WHAT YOU SHOULD DO =
Please return only the lines from the one holding "This concludes our" through the one holding "when the result...", exactly as they appear in the records below, both ends included.

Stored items

══════════

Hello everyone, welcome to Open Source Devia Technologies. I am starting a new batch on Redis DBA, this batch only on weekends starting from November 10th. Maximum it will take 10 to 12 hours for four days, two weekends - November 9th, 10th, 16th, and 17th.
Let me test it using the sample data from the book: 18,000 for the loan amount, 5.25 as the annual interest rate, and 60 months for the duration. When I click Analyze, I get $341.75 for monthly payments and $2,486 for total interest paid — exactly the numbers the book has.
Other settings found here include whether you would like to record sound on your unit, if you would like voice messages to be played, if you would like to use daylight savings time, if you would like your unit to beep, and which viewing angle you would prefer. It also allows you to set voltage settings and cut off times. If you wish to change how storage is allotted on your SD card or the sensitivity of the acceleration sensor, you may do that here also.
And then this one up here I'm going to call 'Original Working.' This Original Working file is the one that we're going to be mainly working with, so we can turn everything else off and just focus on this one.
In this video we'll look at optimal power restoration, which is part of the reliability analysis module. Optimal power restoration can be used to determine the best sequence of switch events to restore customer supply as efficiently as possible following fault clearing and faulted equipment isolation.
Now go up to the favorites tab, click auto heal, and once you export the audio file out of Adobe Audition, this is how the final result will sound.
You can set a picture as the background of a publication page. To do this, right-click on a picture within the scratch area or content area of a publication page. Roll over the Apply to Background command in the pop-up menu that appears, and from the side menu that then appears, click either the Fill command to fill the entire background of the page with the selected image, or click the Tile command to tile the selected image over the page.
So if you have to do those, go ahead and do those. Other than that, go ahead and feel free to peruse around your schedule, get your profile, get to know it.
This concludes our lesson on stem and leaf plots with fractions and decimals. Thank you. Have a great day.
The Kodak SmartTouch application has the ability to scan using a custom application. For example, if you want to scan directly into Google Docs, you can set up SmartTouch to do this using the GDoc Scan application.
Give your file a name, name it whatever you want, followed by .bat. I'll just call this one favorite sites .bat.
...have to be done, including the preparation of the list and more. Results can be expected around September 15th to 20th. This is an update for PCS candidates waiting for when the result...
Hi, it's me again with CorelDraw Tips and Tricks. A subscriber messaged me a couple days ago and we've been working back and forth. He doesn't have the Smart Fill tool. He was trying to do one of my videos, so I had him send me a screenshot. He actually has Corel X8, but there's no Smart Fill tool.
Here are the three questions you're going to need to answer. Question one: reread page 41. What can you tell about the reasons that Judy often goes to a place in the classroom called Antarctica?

══════════

ANSWER SECTION =
This concludes our lesson on stem and leaf plots with fractions and decimals. Thank you. Have a great day.
The Kodak SmartTouch application has the ability to scan using a custom application. For example, if you want to scan directly into Google Docs, you can set up SmartTouch to do this using the GDoc Scan application.
Give your file a name, name it whatever you want, followed by .bat. I'll just call this one favorite sites .bat.
...have to be done, including the preparation of the list and more. Results can be expected around September 15th to 20th. This is an update for PCS candidates waiting for when the result...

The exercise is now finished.